Figure S1. Temperature profiles in the west (grey) and east (black) Skaftárkatlar lakes with depths reported relative to the ice-lake interface. The east lake is shallower than the west lake at the borehole locations. Dotted and solid lines are for profiles beneath boreholes A and B, respectively, in the east lake. The dashed line is the maximum density temperature of pure water. Circles mark sampling depths, with temperatures chosen to illustrate from which borehole the samples were obtained.

Figure S2. Concentrations of major dissolved solids in the west (1 sample) and east (7 samples) Skaftárkatlar lakes. Two major constituents, CO2 (averaging 1300 and 105 ppm in west and mean east lakes, respectively) and H2S (averaging 37 and 16 ppm) are not shown because they may vary due to degassing during sample retrieval.

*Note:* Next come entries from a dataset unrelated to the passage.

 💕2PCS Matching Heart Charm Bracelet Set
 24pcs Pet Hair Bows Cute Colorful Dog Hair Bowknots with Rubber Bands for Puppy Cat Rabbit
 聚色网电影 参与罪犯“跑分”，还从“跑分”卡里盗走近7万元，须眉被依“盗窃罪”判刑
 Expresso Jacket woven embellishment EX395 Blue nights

The dendogram was constructed by single linkage of euclidian distances between samples.

Figure S3 Unrooted ARB tree of isolates from east Skaftárketill lake, the Kverkfjallalón subaerial lake, and a sample of a jökulhlaup in the Skaftá river. For the Skaftárketill isolates, the sample name and enrichment conditions are suffixed.

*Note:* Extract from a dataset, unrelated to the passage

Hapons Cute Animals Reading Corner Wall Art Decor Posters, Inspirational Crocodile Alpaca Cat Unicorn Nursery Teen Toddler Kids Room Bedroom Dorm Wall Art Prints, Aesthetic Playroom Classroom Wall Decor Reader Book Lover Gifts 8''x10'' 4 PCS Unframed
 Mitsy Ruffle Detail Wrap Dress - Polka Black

Figure S4. Rank abundance of OTUs (3% clustering criterion) in v4-v6 and v3-v5 pyrosequencing libraries from east lake samples. The dashed line is an approximation to the v4-v6 trends that is reproduced in the v3-v5 plot to aid comparison.

Figure S5. Rarefaction curves for v3-v5 and v4-v6 pyrosequence libraries generated from samples of the east Skaftárkatlar lake. Note the log-log scale. OTUs are defined by a 3% average difference cutoff.

Figure S6. Fractional abundance of v3-v5 and v4-v6 reads assigned to the same taxonomic groups. Squares are assignments of reads based on common taxonomic affiliations at the genus level. Diamonds are assignments based on a clustering of representative sequences from independently determined v3-v5 and v4-v6 OTUs (cutoff of 11%). The dashed line is equality, and the dot-dashed lines are 2-sigma standard deviations due to Poisson statistics alone.